Hearing: October 9, 2001 Judgment: June 21, 2002
- Full case name: Her Majesty The Queen v. James Handy
- Citations: [2002] 2 S.C.R. 908, 2002 SCC 56

Court membership
- Chief Justice: Beverley McLachlin Puisne Justices: Claire L'Heureux-Dubé, Charles Gonthier, Frank Iacobucci, John C. Major, Michel Bastarache, Ian Binnie, Louise Arbour, Louis LeBel

Reasons given
- Unanimous reasons by: Binnie J.

= R v Handy =

R v Handy, [2002] 2 S.C.R. 908, 2002 SCC 56, is the leading Supreme Court of Canada decision on similar fact evidence. The Court proposed what is known as the Handy test for determining whether past occurrences that resemble the crime can be admitted as evidence.

==Background==
The complainant went out drinking with her friends and met James Handy whom she had known for several months. They went home together and what began as consensual sex became violent.

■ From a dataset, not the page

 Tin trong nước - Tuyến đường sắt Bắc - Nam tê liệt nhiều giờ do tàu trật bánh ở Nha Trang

Handy was charged with sexual assault causing bodily harm. The Crown tried to introduce evidence of Handy's history with his ex-wife which involved seven past sexual assaults on her. The trial judge allowed it.

The issue before the Supreme Court was whether Handy's history of violence with his ex-wife was admissible as evidence.

==Ruling of the Court==
Justice Binnie, writing for the Court, used this case to restate the approach to similar fact evidence. He stated that a "principled approach" must be used where the probative value must be weighed against the prejudicial effect.

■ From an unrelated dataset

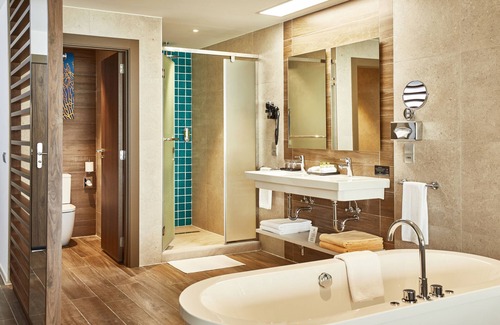 Kedhigandu Resort | Hotel Riu Palace Maldivas - All inclusive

When examining probative value several factors must be considered. First, the court must examine the strength of the evidence in showing that the past events actually occurred. The credibility of the witness must be considered and if there is any motive to lie must have an effect.

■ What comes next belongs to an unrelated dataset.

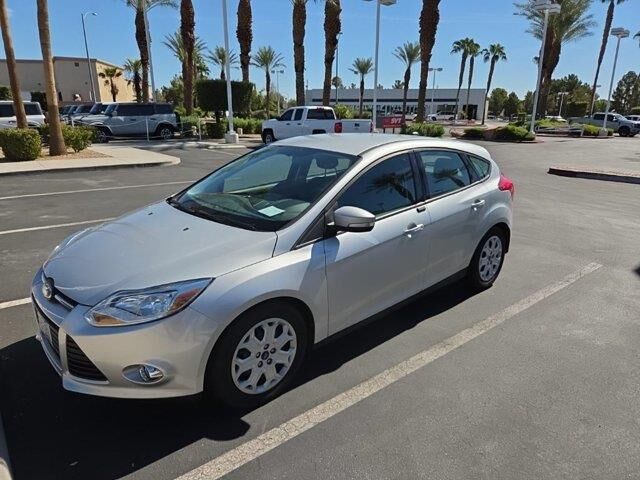 2012 Ford Focus SE — photo 1 of 4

Second, the court must consider whether there was any potential collusion between the witness and the claimant. If there was merely an opportunity to collude then the question is left to the jury, otherwise if there is "some evidence of collusion" then the onus is on the Crown to show on the balance of probabilities that no collusion occurred.

Third, the court must consider the scope of the issue in question. If it is a very broad issue, then the threshold for probative value will be very high. If it concerns a material issue in the trial, then it should be looked upon favourably.

Fourth, the court must consider whether the evidence supports the inference that the Crown is attempting to draw. This involves examining the similarities between the events. Factors include:
- the proximity in time between the events
- the extent to which the other events are factually similar
- the number of occurrences of the similar events
- the circumstances surrounding the events
- the distinctiveness of the events
- the existence of any intervening events

Next Binnie considered what prejudicial effects should be considered. He divided it into moral prejudice and reasoning prejudice. Moral prejudice includes evidence that will cause the jury to think that the accused is a bad person. This is particularly where the past events were acts that were more reprehensible than the current facts. The reasoning prejudice includes evidence that presents a risk of distraction, confusion, and evidence that will consume too much time.

Using this test Binnie found that the evidence put forward by the Crown was inadmissible.